# Cheap Snow Foam



## karlak (Sep 20, 2008)

A mate of mine has just bought these...

http://www.ebay.co.uk/itm/252187930491?_trksid=p2057872.m2749.l2649&ssPageName=STRK:MEBIDX:IT

Has he wasted his money, or are we all missing a trick ?


----------



## cheekymonkey (Mar 15, 2008)

£27 is not cheap


----------



## OvEr_KiLL (Mar 2, 2015)

cheekymonkey said:


> £27 is not cheap


yes it is for 4x5L if it works 
not sure if its wax safe though mate


----------



## Yellow Dave (Apr 5, 2011)

20litres for £27 is hardly expensive. But personally I know nothing about the product


----------



## cheekymonkey (Mar 15, 2008)

OvEr_KiLL said:


> yes it is for 4x5L
> not sure if its wax safe though mate


didnt see that bit :lol:


----------



## Exotica (Feb 27, 2006)

That's cheap compared to here

5 Litre Pro-Kleen Professional Cherry Snow Foam with Wax: Amazon.co.uk: Car & Motorbike


----------



## danwel (Feb 18, 2007)

It could be a bargain or it could be not very good so let us know how you get one. What i would say is that some of the cheaper ebay type foams you actually end up using 4/5 times more product to get something that clings and cleans so you may find yourself better off with one 5L of a well known and used foam full of recommendations from people on here that will last as long as 4 x 5l ebay ones and takes up less space.

Just my 2 pence worth. You may well have unearthed a gem and if you don´t try you´ll never know


----------



## great gonzo (Nov 4, 2010)

Worth a try a that price. 

Gonz.


----------



## Steven286 (Aug 18, 2013)

For what it's worth and I know it's not the same product but a couple of guys at work use the Pro Clean shampoo with the carnaubu wax and they rate it, cars always look good too.


----------



## Soul boy 68 (Sep 8, 2013)

Buy cheap you buy twice.


----------



## P1ngman1969 (Dec 17, 2015)

i've used this a few times now seems very good it has built in wax additive & the product labels say its non caustic. gives a very nice thick foam with a 60/40 mix. (40% product)
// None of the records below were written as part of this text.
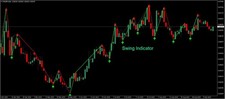Swing Indicator – Your Ultimate Trading Companion MT4 - 1 Month License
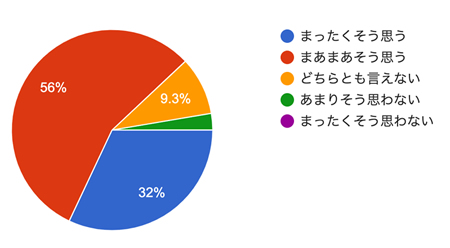 アンケート結果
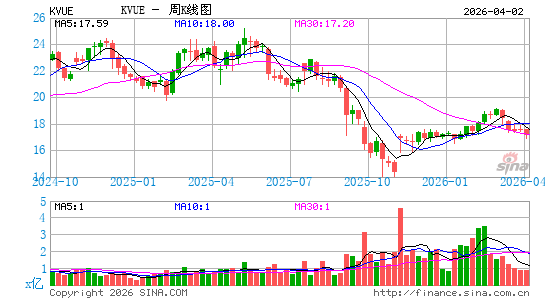 Kenvue, Inc.周K线图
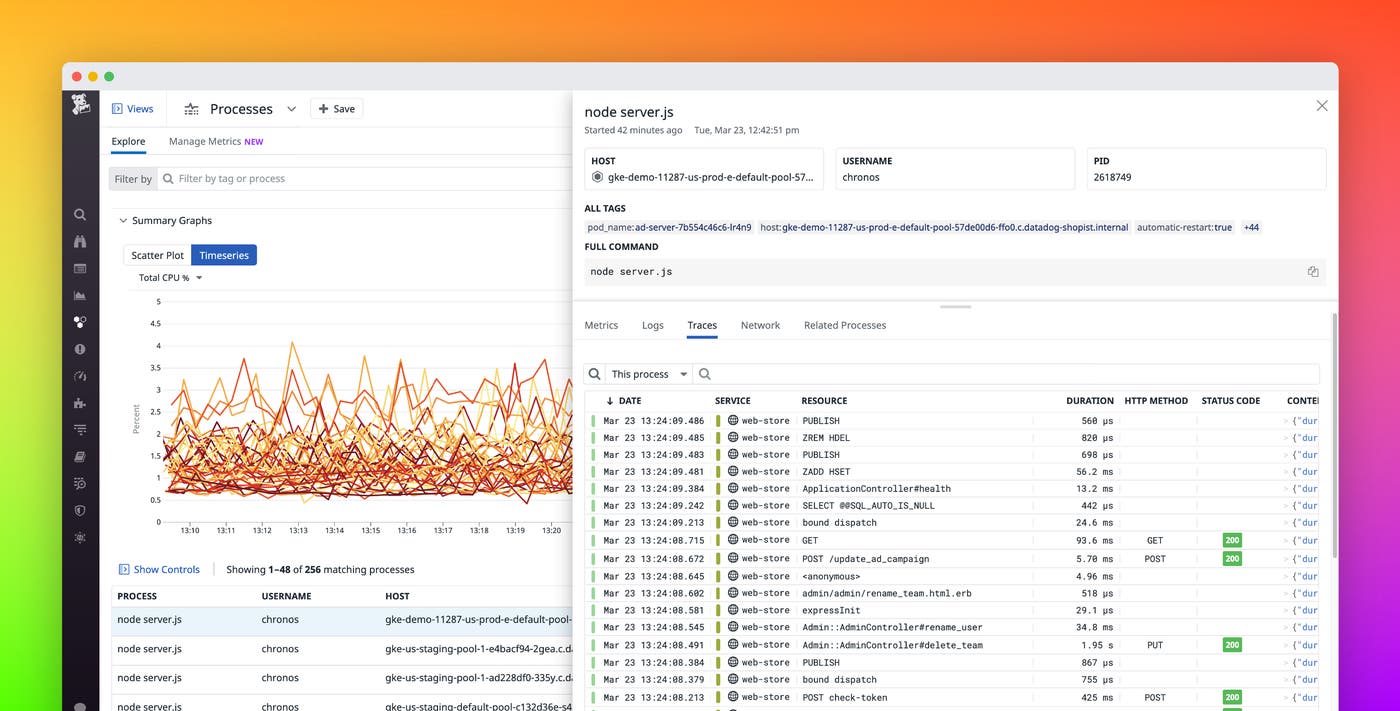 Troubleshoot faster with process-level app and network data Troubleshoot faster with process-level app and network data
i purchased the orange and pineapple scents


----------



## firehorse (Sep 23, 2016)

Thanks P1ngman1969


----------



## SteveS (Apr 20, 2008)

How good was this stuff in the end?


----------



## Brian1612 (Apr 5, 2015)

20L for £27 is proper cheap and surely 100-200ml of solution would be plenty per bottle? That is a lot per wash but still fairly cheap at 27p per wash. 

The big question here is why the hell would you bother adding wax ingredients to a pre-wash? That sets alarm bells off in my head that these guys don't really know what constitutes to a good pre-wash.


----------